The Company has $71.9 million in net debt at March 31, 2017 which is comprised of $60 million in senior notes carrying a five year term (October 2018) and a working capital deficiency of $11.9 million. The Company's senior credit facility of $20 million was undrawn at March 31, 2017. The Company's scheduled bank review is scheduled to be completed by the end of May 2017. Cequence has hedged approximately 50 percent of 2017 production net of royalties and will continue to actively hedge production to protect future cash flows and balance sheet.
Average production in the first quarter of 2017 of 9,101 boe/d was up 6 percent from the fourth quarter of 2016 while oil production increased by 341 bbl/d over the same period. The production increase was primarily associated with the previously announced two gross (50% WI) Dunvegan oil wells which were brought on stream in January of 2017. These wells continue their strong performance with March oil production rates of 296 bbls/d and 574 bbls/d gross with corresponding solution gas rates of 2.2 and 2.7 MMcf/d respectively. The solution gas is collected and routed into the 50% owned Cequence gas gathering and processing system. As break up road conditions set in, these wells were shut-in around the middle of April. Cequence is working on longer term tie-in scenarios to reduce truck out restrictions for the Dunvegan wells.
A total of 24 potential net Dunvegan oil locations have been identified on Cequence lands. (1)
Operating costs for the quarter were $8.28/boe down 16% from the same period of 2016 while the operating netback improved by $10.32/boe to $12.40/boe. Although fluid hauling costs increased with the Dunvegan oil production, the sustainable cost reduction initiatives established through 2016 continue to be realized.
Montney Operations Update
The Company's recent West Simonette Montney wells at 8-36-61-1W6 and 16-25-61-1W6 have encountered a higher liquids rich section of the Simonette area then the historical Cequence programs. The production rates for the first 30 operating days averaged 892 boe/d (36% condensate) and 804 boe/d (35% condensate), respectively, compared to historical Cequence Montney wells of 12-20% condensate. Early in flow back, condensate to gas ratio was 150 bbls/MMcf and have since stabilized to between 80 and 90 bbls/MMcf. These wells were drilled at an average lateral length of approximately 2,850 meters and utilized an average of 82 frac stages and 1.2 tonnes proppant per meter of lateral. The higher liquids ratio observed during the first 30 days of production is estimated to double the operating netback of the new wells compared to historical average Cequence Montney wells under the same commodity price.

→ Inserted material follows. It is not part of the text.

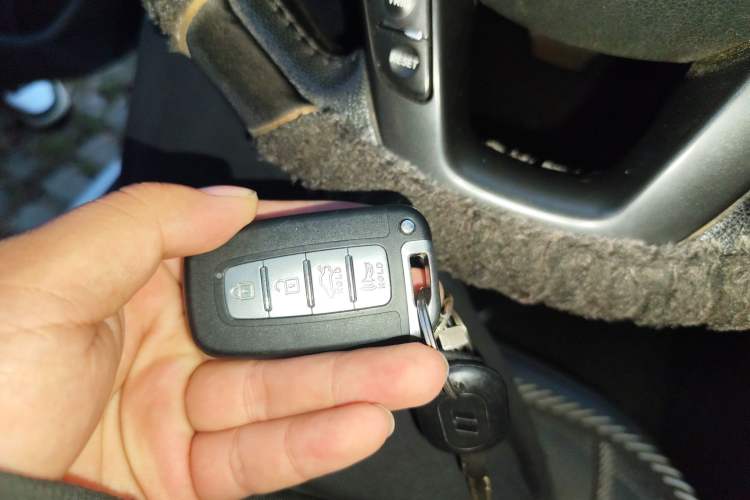 Used Kia K5 2012 2.0L Automatic DLX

Spring break up conditions initially hampered the start and clean up of the wells but both wells have been producing continuously since early April.

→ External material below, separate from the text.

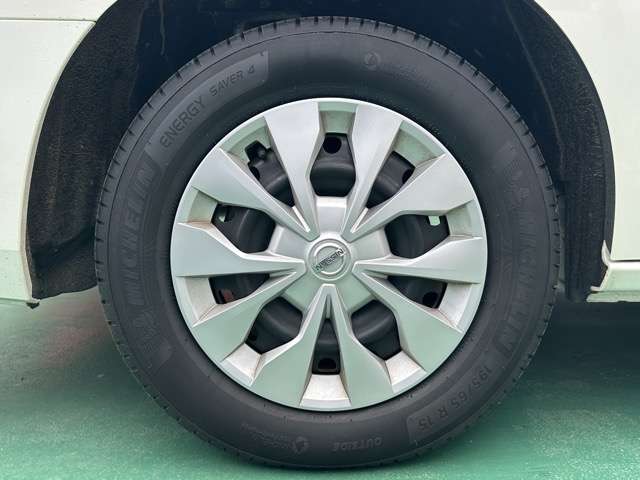 日産 セレナ ２．０ Ｘ H30年 (東海) 99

The Company provided guidance for the first half of 2017 in November 2016 which has been revised to include the results of the first quarter and of the winter drilling program that consisted of two Montney wells and one net Dunvegan well at Simonette. The revised guidance is within the expectations set out in the November guidance, including for production, funds flow and net debt. Capital expenditures are $2 million higher due to some additional minor projects in the quarter and some operations that were completed in break up conditions.
The annual capital expenditure program of $29 million has been planned to approximate expected annual funds flow. Two net Dunvegan wells are expected to be drilled in early winter with production coming on late 2017.

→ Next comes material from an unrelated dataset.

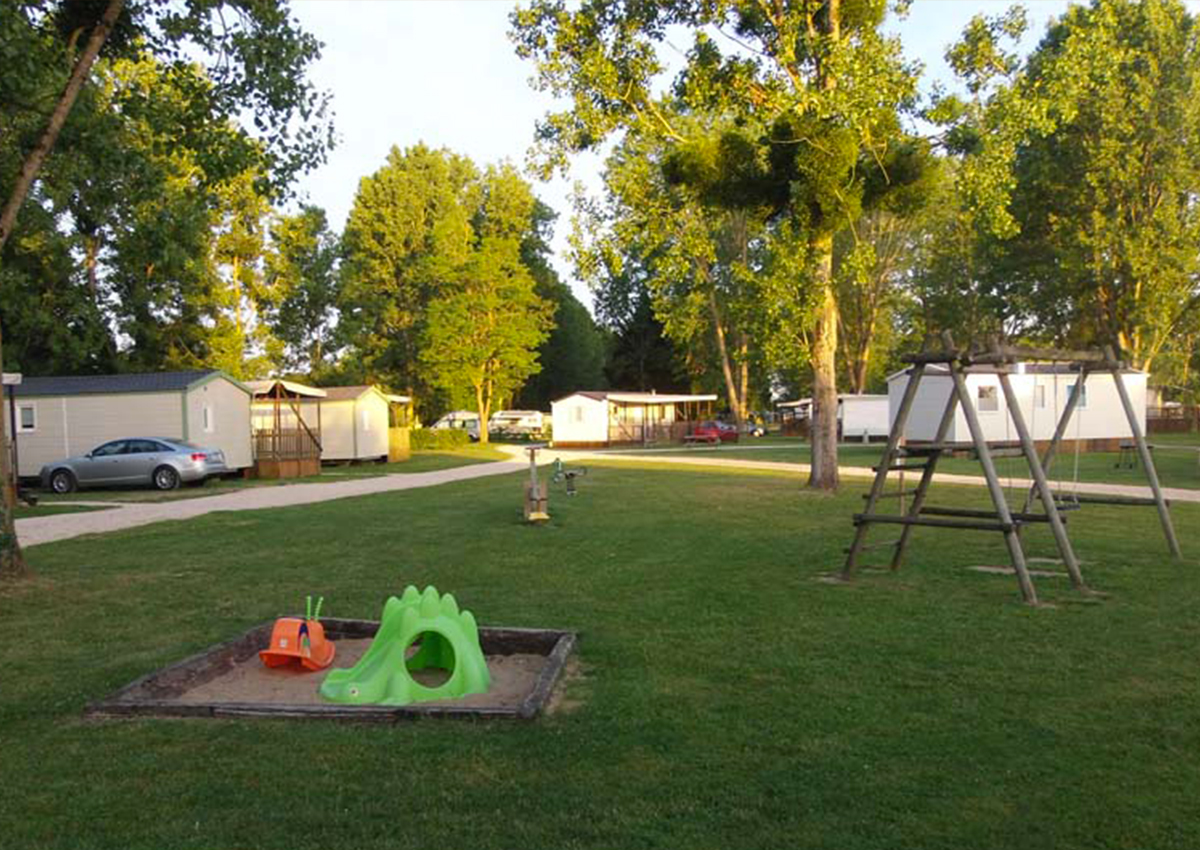 aire de jeux camping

While spending within cash flow, 2017 production volumes are expected to increase approximately 4 percent from 2016 to average between 9,000 to 9,200 boe/d. The Company may adjust its capital expenditure program should commodity prices increase or decrease significantly.
The Company expects recent improvement to operating and general and administrative costs to continue throughout 2017. Based on forecasted commodity prices of US$ 50/bbl WTI and CDN$ 2.75/GJ natural gas, Cequence expects funds flow from operations of $28 to 29 million.
Cequence is a publicly traded Canadian energy company involved in the acquisition, exploitation, exploration, development and production of natural gas and crude oil in western Canada. Further information about Cequence may be found in its continuous disclosure documents filed with Canadian securities regulators at www.sedar.com.